O que eu não esperava é que o tal chefe ligaria para a minha casa querendo conversar. Na minha família ninguém sabia que eu estava pulando a cerca, me enroscando com mídia, jornais, rádios e por isso dei sorte de atender o telefone. O chefe queria conversar. Fui lá na redação e voltei a trabalhar, mas na editoria de cidade, mais tarde cultura, mas, logicamente, sempre que acontecia uma tragédia monumental todo mundo entrava na história. Cobri várias. Várias.

Por isso fiquei mobilizado quando assisti na TV Globo um boletim ao vivo do colega Márcio Gomes, direto das Filipinas. Quando ele disse que estava faltando água e comida também para jornalistas, quase liguei para Cezar Motta, amigo e ex-colega (foi meu chefe na Rádio JB AM, lendária, nos anos 70) porque o Marcio estava descrevendo uma situação que a maioria de nós já viveu: é quando o narrador vira personagem.

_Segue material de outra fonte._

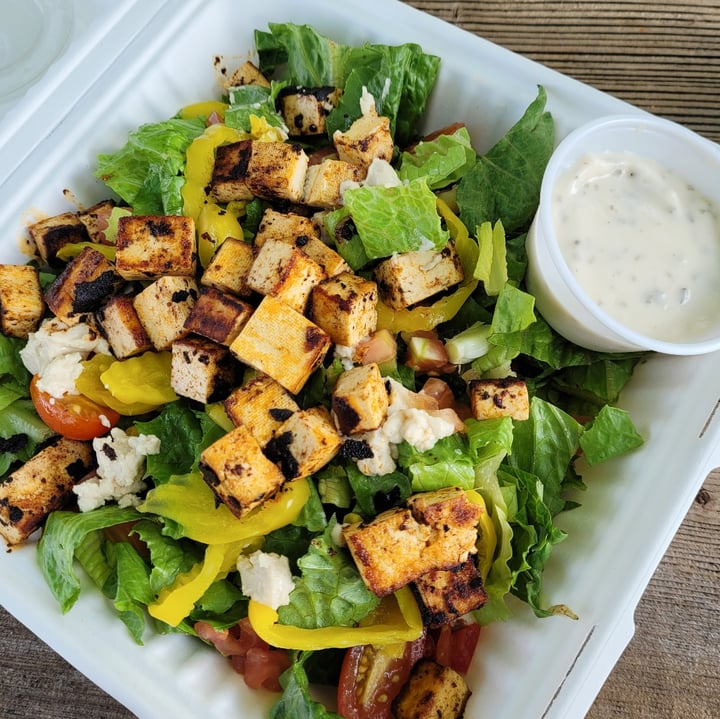 photo of Strong Hearts Cafe Buffalo Tofu Salad shared by @byobottlesg on  27 Aug 2021 - review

A barra é muitíssimo pesada em situações como a das Filipinas, da tragédia das serras aqui no Estado do Rio há três anos, enfim, a cara do monstro é hedionda. Você fica andando entre corpos, escombros, na esperança de poder dar uma boa notícia, mas nada (ou pouco) acontece. E a situação só piora, só se agrava, os saques, os crimes paralelos, as noites “dormidas” em cima de papelão e o desespero que transforma todos em saqueadores já que a fome de sobrevivência é maior e muito mais avassaladora do que conceitos éticos.

O estranho é uma sensação que bate na gente de querer estar lá, mesmo em condições sub-humanas para exercer o jornalismo. Quando o Japão viveu aquele tisunami (a usina de Fukushima quase acabou com o Japão), o colega Roberto Kovalick também passou o maior sufoco, com a diferença de não estar cercado por milhares de esfomeados dispostos a, literalmente, come-lo vivo em prol da sobrevivência.

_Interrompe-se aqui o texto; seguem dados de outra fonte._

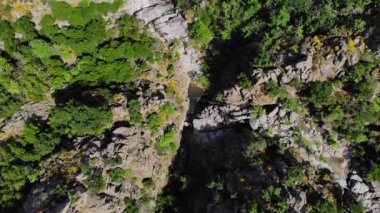 Kanyonun havadan görünüşü. Fransa 'daki Ardeche vadileri gökyüzünden görüldü. Fransa 'nın güneyindeki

Esse tipo de jornalismo é limpo, necessário, útil. Nada a ver com o mundo cão. Esse tipo de jornalismo ajuda, controla a fome de algumas autoridades que só pensam em garfar verbas internacionais, enfim, é uma atividade brilhante. Márcio Gomes está de parabéns porque (ele sabe disso), por sua experiência, sabe que está prestando um serviço e não sabe se estará vivo meia hora depois. É isso aí.